**Exercise objective**: Would you please return the line containing "Land Cruiser 80 series ចង្កូតឆ្វេង" and all the lines after it through the end of the records below, unchanged and on their own?

Task input Start Marker

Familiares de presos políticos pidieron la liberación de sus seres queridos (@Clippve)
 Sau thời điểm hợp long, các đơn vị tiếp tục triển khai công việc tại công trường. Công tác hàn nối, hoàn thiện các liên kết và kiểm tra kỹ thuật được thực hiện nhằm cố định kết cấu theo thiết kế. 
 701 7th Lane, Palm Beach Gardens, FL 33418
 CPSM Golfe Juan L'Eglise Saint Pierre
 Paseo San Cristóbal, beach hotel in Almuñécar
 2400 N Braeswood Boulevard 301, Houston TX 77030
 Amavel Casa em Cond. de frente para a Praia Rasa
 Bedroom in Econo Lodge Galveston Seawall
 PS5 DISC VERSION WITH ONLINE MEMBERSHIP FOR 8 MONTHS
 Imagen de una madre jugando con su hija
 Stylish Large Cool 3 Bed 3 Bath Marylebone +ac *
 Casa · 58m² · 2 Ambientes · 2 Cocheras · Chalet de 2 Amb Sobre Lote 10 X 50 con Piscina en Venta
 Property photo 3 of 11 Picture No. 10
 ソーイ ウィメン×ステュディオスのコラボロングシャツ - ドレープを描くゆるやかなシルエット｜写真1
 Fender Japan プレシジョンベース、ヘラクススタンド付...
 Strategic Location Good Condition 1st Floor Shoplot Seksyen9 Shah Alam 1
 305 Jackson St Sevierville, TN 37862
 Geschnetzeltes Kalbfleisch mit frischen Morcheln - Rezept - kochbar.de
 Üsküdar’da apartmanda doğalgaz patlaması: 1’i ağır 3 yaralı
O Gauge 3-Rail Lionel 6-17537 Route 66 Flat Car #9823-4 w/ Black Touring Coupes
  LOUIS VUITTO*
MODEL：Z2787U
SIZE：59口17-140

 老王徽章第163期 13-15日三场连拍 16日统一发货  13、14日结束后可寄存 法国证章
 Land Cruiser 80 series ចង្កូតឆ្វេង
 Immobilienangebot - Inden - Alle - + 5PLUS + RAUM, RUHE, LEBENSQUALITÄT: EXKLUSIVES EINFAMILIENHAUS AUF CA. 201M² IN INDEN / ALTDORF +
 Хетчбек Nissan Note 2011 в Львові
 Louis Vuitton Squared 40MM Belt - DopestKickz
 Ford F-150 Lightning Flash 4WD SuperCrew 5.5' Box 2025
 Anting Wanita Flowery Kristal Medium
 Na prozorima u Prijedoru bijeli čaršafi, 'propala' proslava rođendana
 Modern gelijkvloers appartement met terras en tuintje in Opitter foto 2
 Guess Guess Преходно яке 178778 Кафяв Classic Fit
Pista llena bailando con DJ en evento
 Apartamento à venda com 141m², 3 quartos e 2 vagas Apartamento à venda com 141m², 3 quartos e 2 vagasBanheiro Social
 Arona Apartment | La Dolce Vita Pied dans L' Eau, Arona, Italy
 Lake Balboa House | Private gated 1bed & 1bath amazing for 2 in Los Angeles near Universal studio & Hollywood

Task input End Marker

**Solution for this task**:
 Land Cruiser 80 series ចង្កូតឆ្វេង
 Immobilienangebot - Inden - Alle - + 5PLUS + RAUM, RUHE, LEBENSQUALITÄT: EXKLUSIVES EINFAMILIENHAUS AUF CA. 201M² IN INDEN / ALTDORF +
 Хетчбек Nissan Note 2011 в Львові
 Louis Vuitton Squared 40MM Belt - DopestKickz
 Ford F-150 Lightning Flash 4WD SuperCrew 5.5' Box 2025
 Anting Wanita Flowery Kristal Medium
 Na prozorima u Prijedoru bijeli čaršafi, 'propala' proslava rođendana
 Modern gelijkvloers appartement met terras en tuintje in Opitter foto 2
 Guess Guess Преходно яке 178778 Кафяв Classic Fit
Pista llena bailando con DJ en evento
 Apartamento à venda com 141m², 3 quartos e 2 vagas Apartamento à venda com 141m², 3 quartos e 2 vagasBanheiro Social
 Arona Apartment | La Dolce Vita Pied dans L' Eau, Arona, Italy
 Lake Balboa House | Private gated 1bed & 1bath amazing for 2 in Los Angeles near Universal studio & Hollywood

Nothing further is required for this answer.